Creating a Simple Encryption Module

Synopsis

This tutorial discusses the implementation of a kernel module that performs encryption of text using a very simple Caesar cipher. Be aware that referring to a Caesar cipher as an encryption mechanism is a charitable characterization, as it is trivial to break. Expect no real security benefits from this encryption. Instead, we have chosen this task because it motivates a number of challenges that you will encounter repeatedly in kernel development: dynamically allocating memory, using pre-defined kernel structures, and basic input/output.

Preliminaries

This tutorial assumes you already have a working virtual machine set up on our maize server, that you are able to compile, install, and boot your own kernel on this virtual machine, and that you have worked through the “Hello, World!” module tutorial. Refer back to those tutorials if you need a refresher on those topics.
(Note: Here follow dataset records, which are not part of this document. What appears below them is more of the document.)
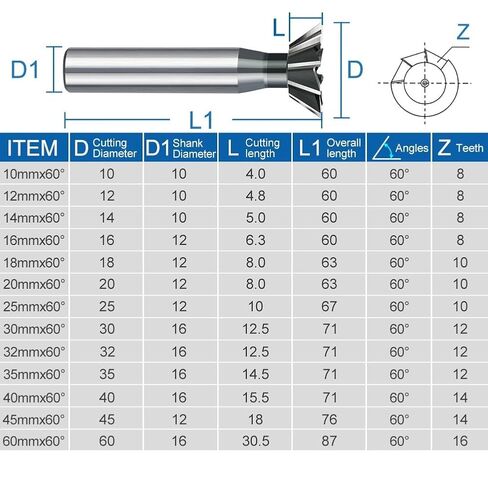 Dovetail Milling Cutter,1pc HSS Dovetail Milling Cutter End Mill, 45 60 Degrees CNC Router Bit, 12mm Straight Shank HSS Cutting Tool(24MM x 45)(16MM x 60) in Kuwait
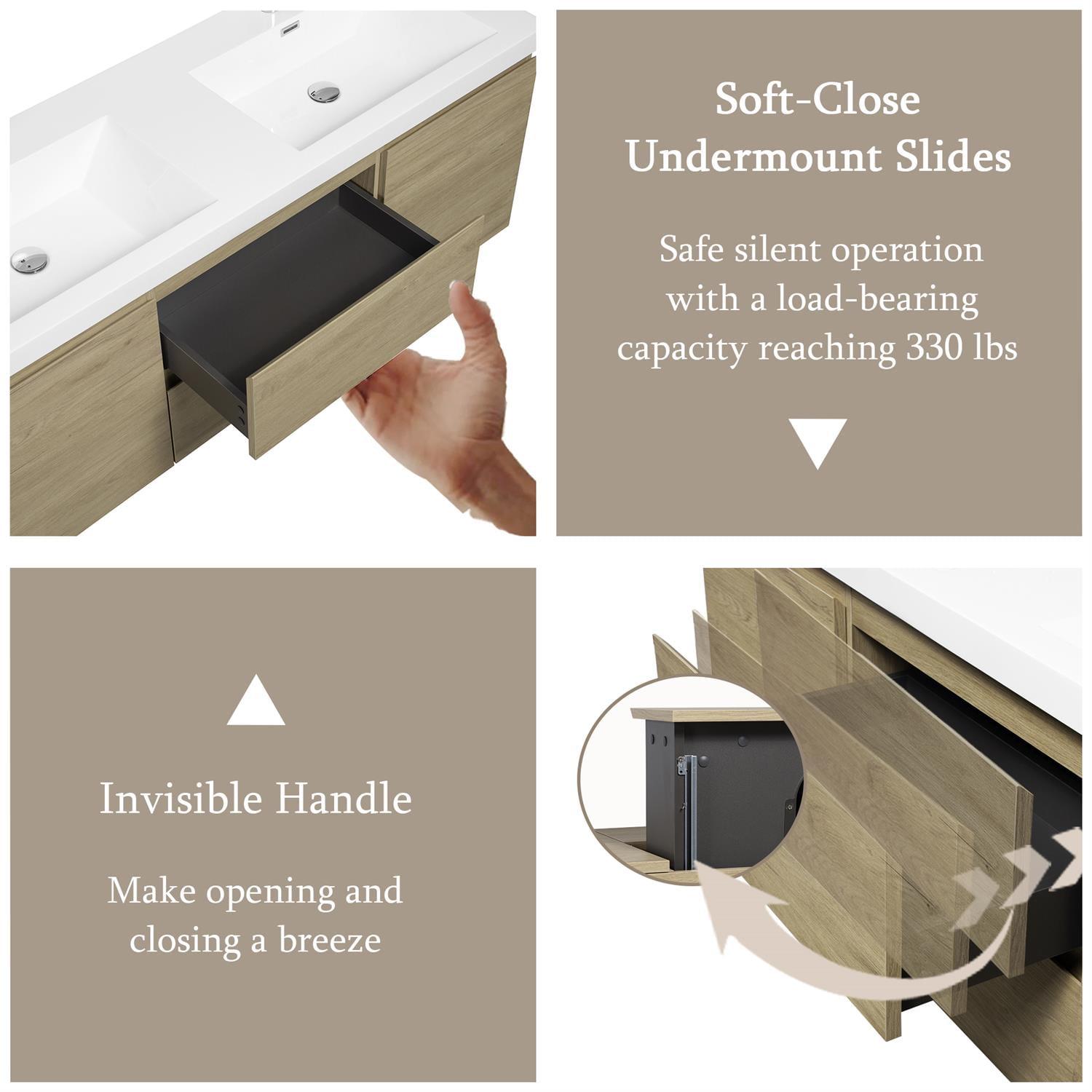 Demi Bonn 60" Floating Bathroom Vanity with Sink, Double Resin Top Basin and 2 Soft Close Drawers, 2 Storage Cabinet, Faucets and Drains Not Included, Brown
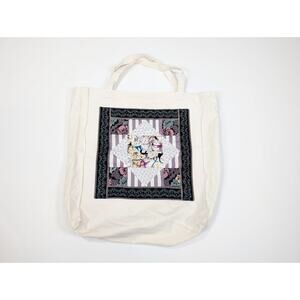 Vintage Cat Tote Bag Beige Canvas Patchwork Pocket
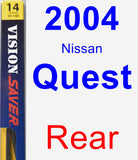 Rear Wiper Blade for 2004 Nissan Quest - Rear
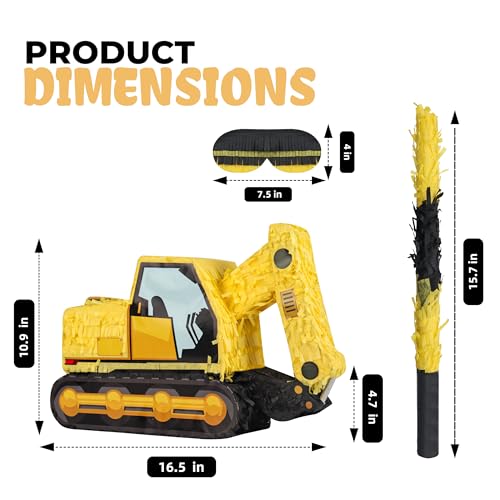 Birchio Excavator Pinatas Bundle with a Blindfold and Bat 165x11x47 inch Pinata for Construction Theme Birthday Parties Boys Birthday Party Supplies Decoration - Image 5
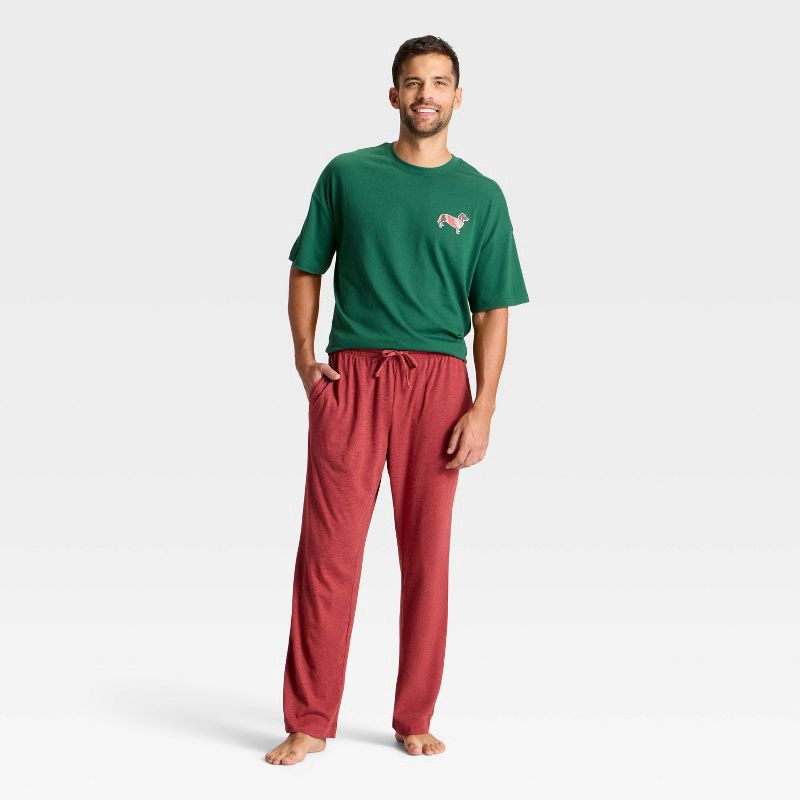 slide 3 of 3, Men's 2pc Short Sleeve T-Shirt & Pant Pajama Set - Goodfellow & Co™ Dog Green S, 2 ct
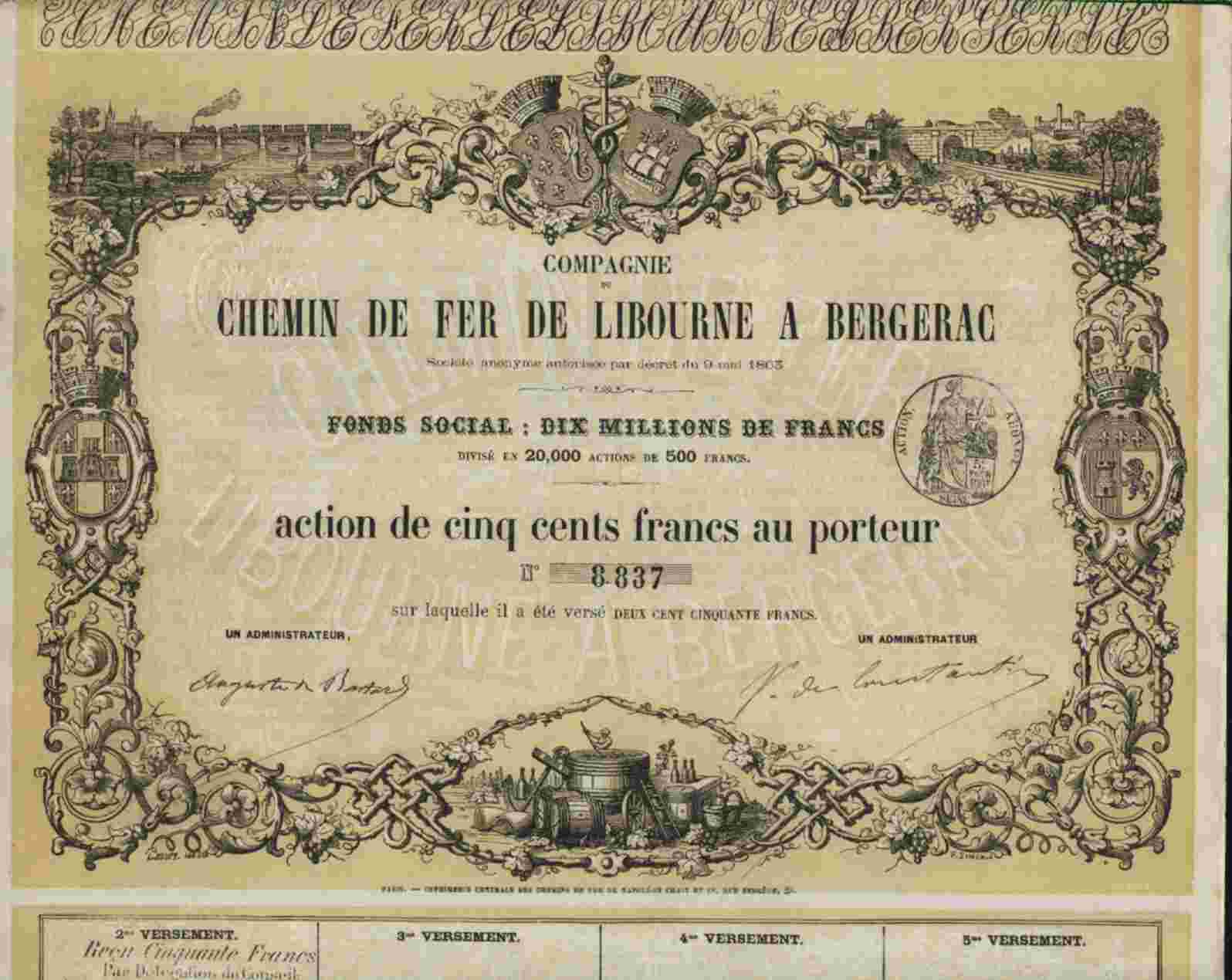 RARE : CHEMIN DE FER DE LIBOURNE A BERGERAC  ( 1863 ) - Chemin De Fer & Tramway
Obtaining the Source Code

First, you will need to obtain the source code for our Caesar cipher kernel module. You should already have a remote set up to access our git repository hosted locally on maize. That is, you should see something like the following in your Linux source tree:

>> git remote -v
    maize   /srv/git/linux (fetch)
    maize   /srv/git/linux (push)
    origin  https://git.kernel.org/pub/scm/linux/kernel/git/torvalds/linux.git/ (fetch)
    origin  https://git.kernel.org/pub/scm/linux/kernel/git/torvalds/linux.git/ (push)

Next, we’ll update the maize remote and switch to the new caesar branch available from that remote.

>> git remote update maize
# Should see some ouptut about new information from this remote
>> git branch caesar maize/caesar
Branch 'caesar' set up to track remote branch 'caesar' from 'maize'.
>> git switch caesar
>> git branch
* caesar
master

Walking Through the Source Code

Like the previous “Hello, World!” module, this branch includes a few changes to the upstream Linux kernel source. It adds a new directory, drivers/staging/caesar and adds the necessary Makefiles and Kconfig files to integrate this new directory into the larger kernel configuration system. Most of these changes are identical in nature to the “Hello, World!” module and will not be discussed in detail here.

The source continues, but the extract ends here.